The Snows of Kilimanjaro……

Millennium Camp – 28th February
To say we left Stella Point with a renewed energy and enthusiasm would be a slight exaggeration but there was a definite lift that came with the knowledge that there was now a little over 100m height left to gain.

 It was hard to appreciate the amazing glaciers whilst
fighting our way towards the summit.
It’s hard to find the words to describe the effect of the altitude but breathing with the lack of oxygen is almost like drinking a very watery soup, the taste is there but it’s just not very satisfying!
Aside from the lingering headache your ability to concentrate is also diminished and even simple tasks require a significant amount of effort.
Confusion reigned supreme as we approached the final climb which is neither particularly long nor steep.
In my training I’d run up trickier hills without too much trouble but confusion reigned supreme as I attempted to reconcile that knowledge with the near insurmountable obstacle that now lay before me.
Our pace by this point was little more than a shuffle and with each of us embroiled in our own battle it was impossible to offer any further support than your own gasping breath and the crunch of your boots on the snow.
Finally we crested the ridge and there it was, a tantalising 300 yards away, was the summit.

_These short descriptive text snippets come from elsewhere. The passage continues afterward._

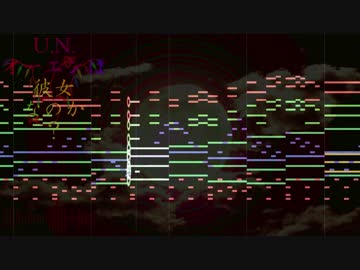 【東方再翻訳】U.N.オーエンは彼女なのか？をWin全編風に。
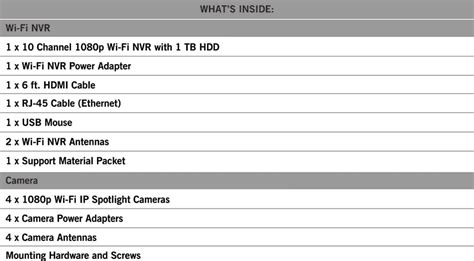 Buy Night Owl Security Camera System, 10 Channel Wi-Fi NVR with 1TB ...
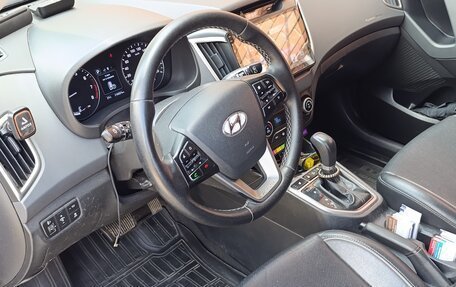 Hyundai Creta I рестайлинг, 2017 год, 1 500 000 рублей, 10 фотография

 Possibly the most welcome sight in the world?
In a burst of adrenaline I forged ahead, almost collapsing on the “step” beneath the sign, watching Jas and Raj making their final, weary but triumphant steps.
Without barely a word being spoken we took a few moments to sit in silence allowing the enormity of our achievement to sink in.

 Silence is golden.
Our guide, Emanuel, must have witnessed this moment dozens of times but appeared genuinely thrilled to have shared this journey with us and once again was leading the way but this time with handshakes and photos!

 Jas, me and Raj feeling pretty pleased with ourselves!
About 15-20 minutes after our own arrival the next group of Kids Co summiteers, including to my delight, a tearful Nerissa turned up.

 With our summit guide Emanuel (and an emotional Nerissa)!
Their arrival was marked by more boisterous celebrations than our own and soon it was time for us to slowly, almost grudgingly, begin our long descent.

  
Looking towards the crater from Uhuru Peak.
Our delayed start had meant that for almost 20 minutes we had the summit to ourselves allowing us the time to savour our moment in this special place.